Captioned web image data
+-------+

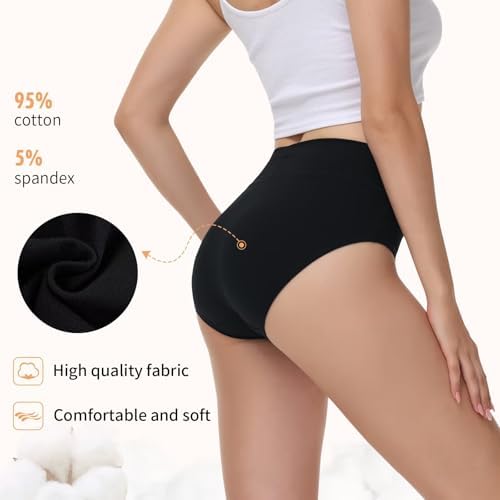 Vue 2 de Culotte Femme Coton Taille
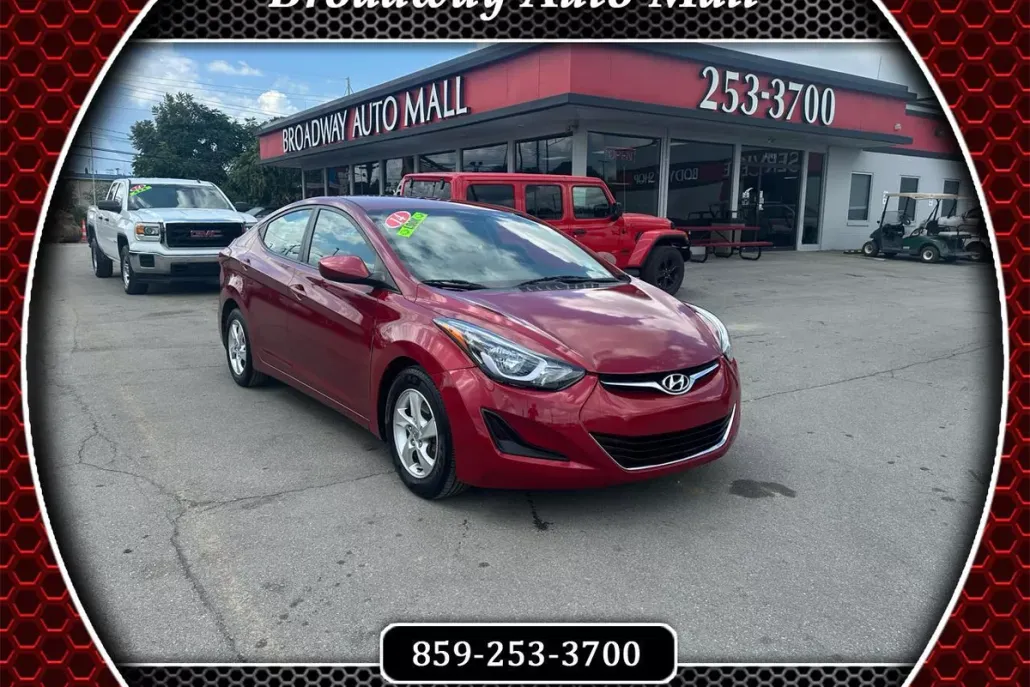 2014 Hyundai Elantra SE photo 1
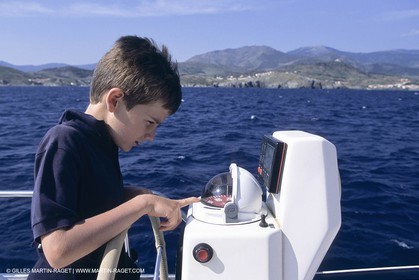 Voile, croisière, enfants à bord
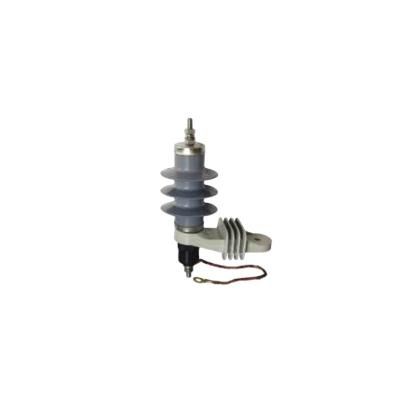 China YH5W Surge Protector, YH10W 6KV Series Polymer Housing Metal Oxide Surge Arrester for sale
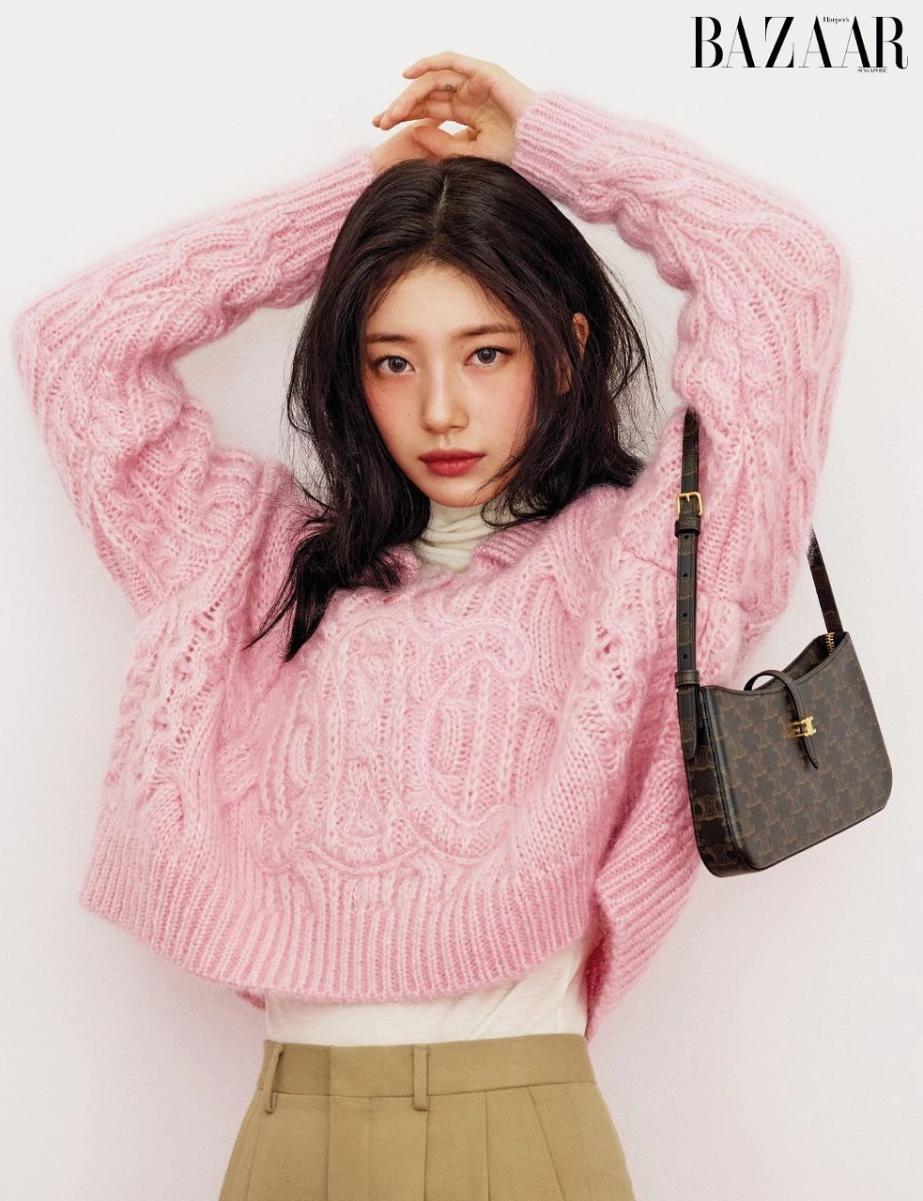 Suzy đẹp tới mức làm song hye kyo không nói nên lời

+-------+

Directions » Skipping any pictures, copy the entries exactly as they appear.

Answer to this task »
 Vue 2 de Culotte Femme Coton Taille
 2014 Hyundai Elantra SE photo 1
 Voile, croisière, enfants à bord
 China YH5W Surge Protector, YH10W 6KV Series Polymer Housing Metal Oxide Surge Arrester for sale
 Suzy đẹp tới mức làm song hye kyo không nói nên lời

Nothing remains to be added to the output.